Package: peakPantheR
Authors: Arnaud Wolfer, Goncalo Correia

1 Introduction

The peakPantheR package is designed for the detection, integration and reporting of pre-defined features in MS files (e.g. compounds, fragments, adducts, …).

The Parallel Annotation is set to detect and integrate multiple compounds in multiple files in parallel and store results in a single object.

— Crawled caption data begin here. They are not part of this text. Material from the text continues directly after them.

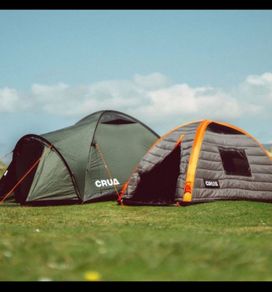 Crua Culla Combo Maxx 3 Man Tent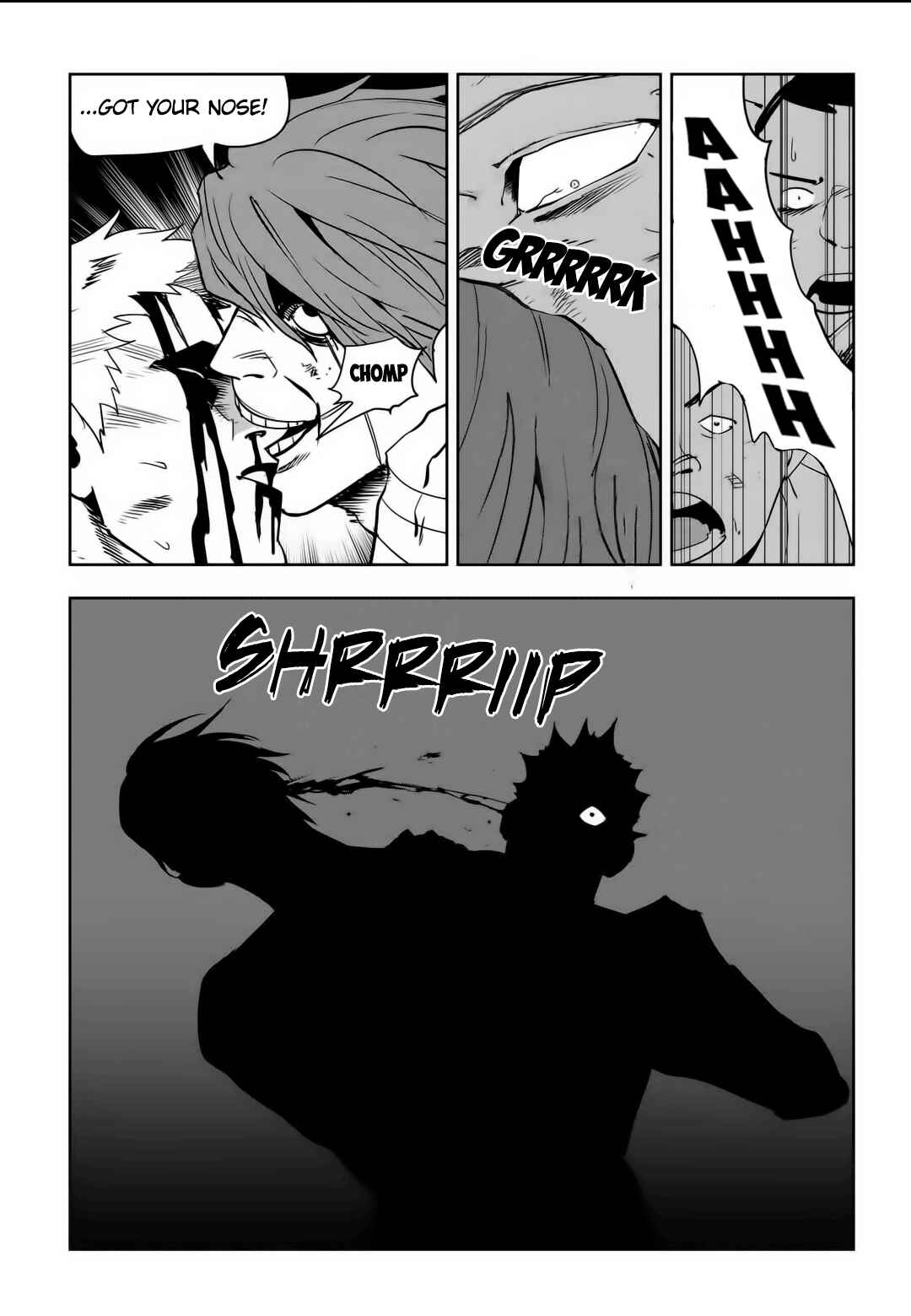 Fight Class 3 Chapter 88 - Page 32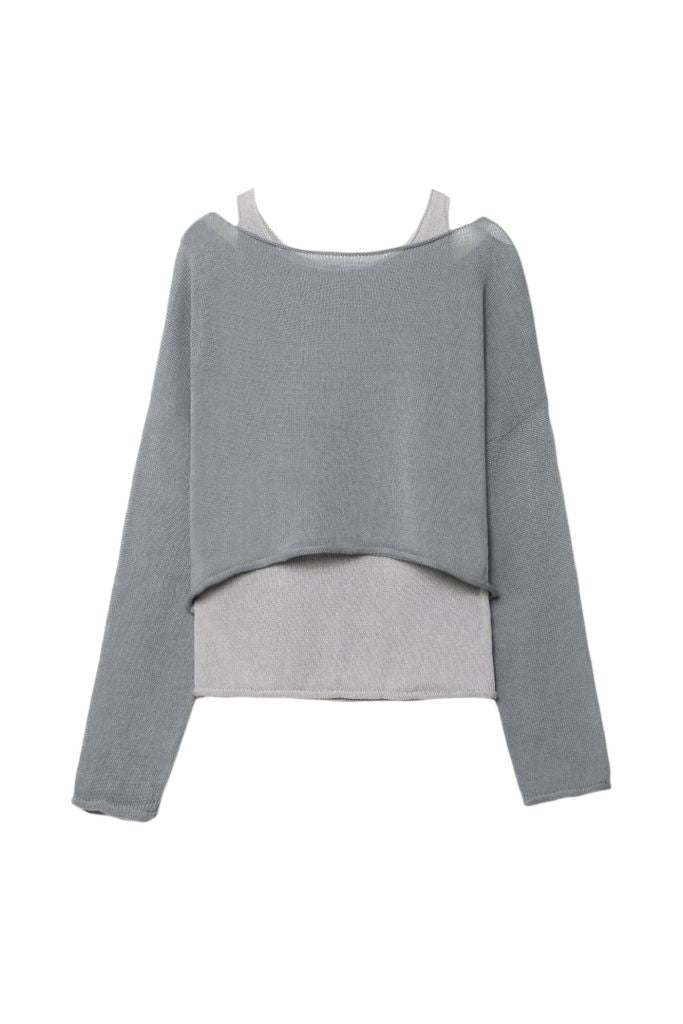 Moudda STRADIVARIUS - Pull-Over - 1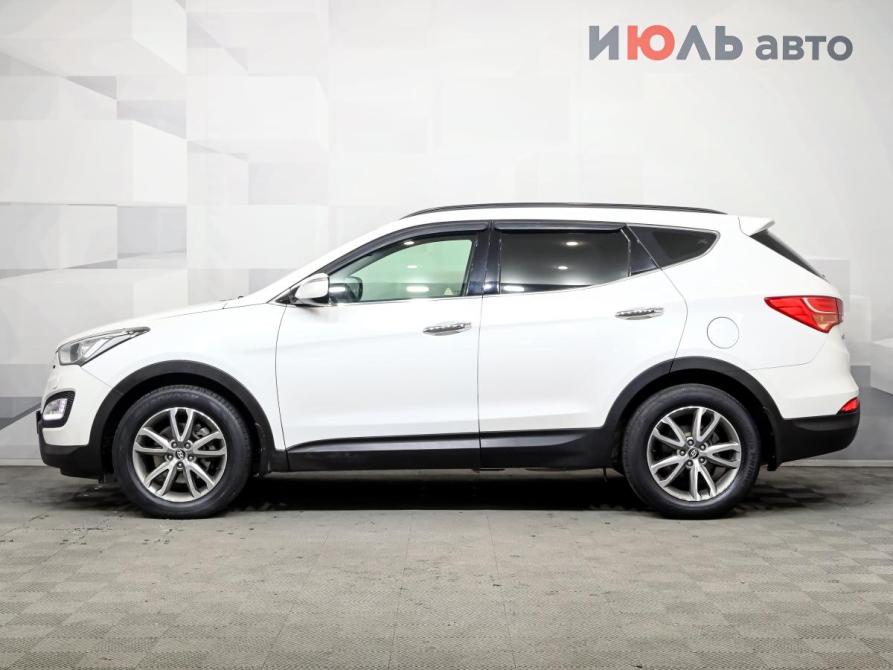 Hyundai Santa Fe III Екатеринбург  - изображение 8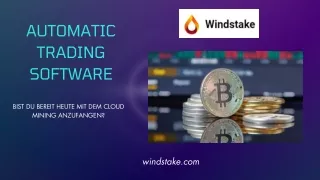 automatic trading software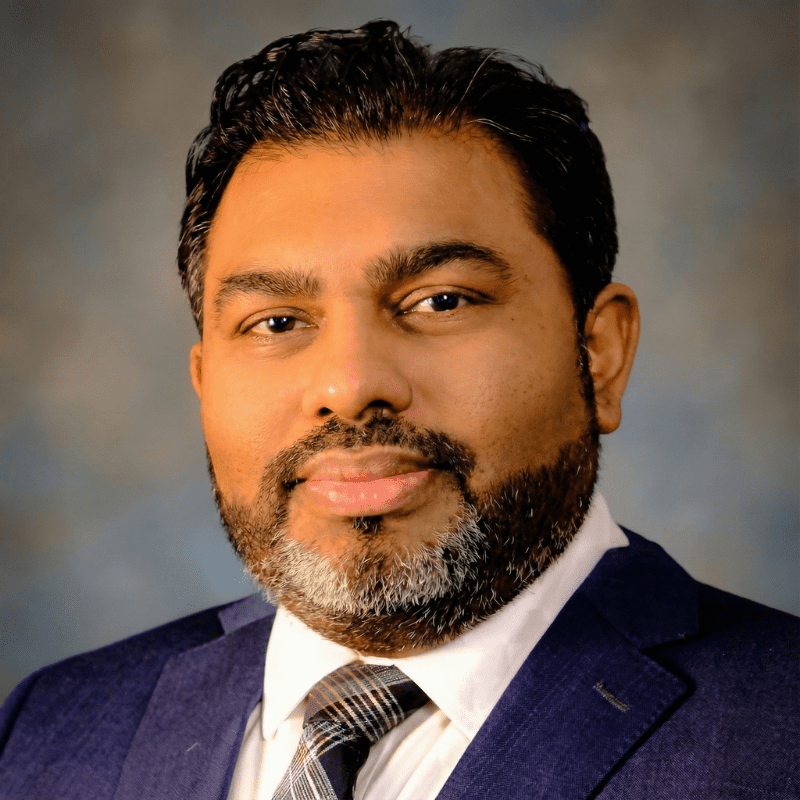 Mansoor Qureshi (CEO & Founder)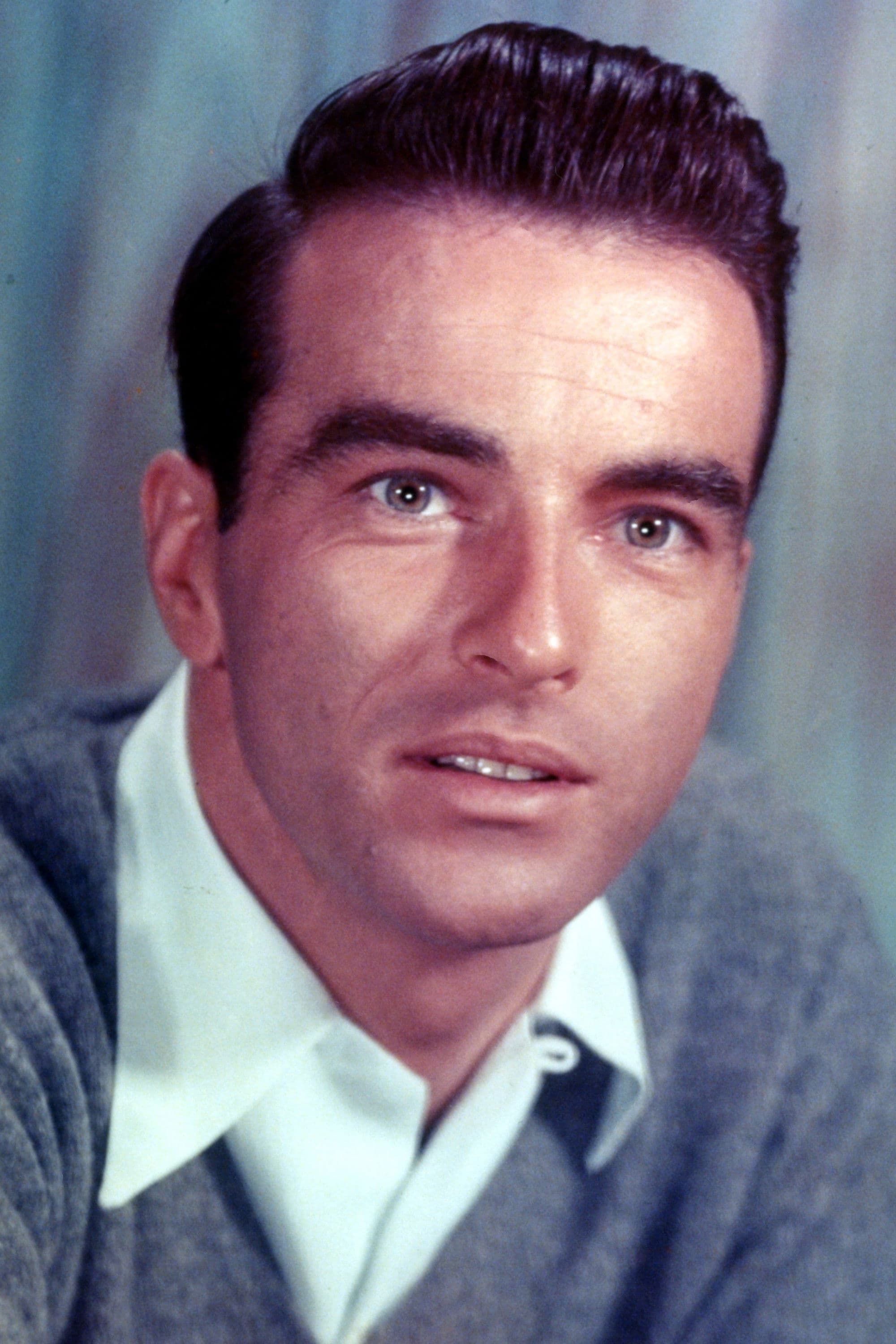 Montgomery Clift profile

It can be employed to integrate a large number of expected features across a dataset.

Using the faahKO raw MS dataset as an example, this vignette will:

  • Detail the Parallel Annotation concept
  • Apply the Parallel Annotation to a subset of pre-defined features in the faahKO dataset

1.1 Abbreviations

  • ROI: Regions Of Interest
    • reference RT / m/z windows in which to search for a feature
  • uROI: updated Regions Of Interest
    • modifed ROI adapted to the current dataset which override the reference ROI
  • FIR: Fallback Integration Regions
    • RT / m/z window to integrate if no peak is found
  • TIC: Total Ion Chromatogram
    • the intensities summed across all masses for each scan
  • EIC: Extracted Ion Chromatogram
    • the intensities summed over a mass range, for each scan

2 Parallel Annotation Concept

Parallel compound integration is set to process multiple compounds in multiple files in parallel, and store results in a single object.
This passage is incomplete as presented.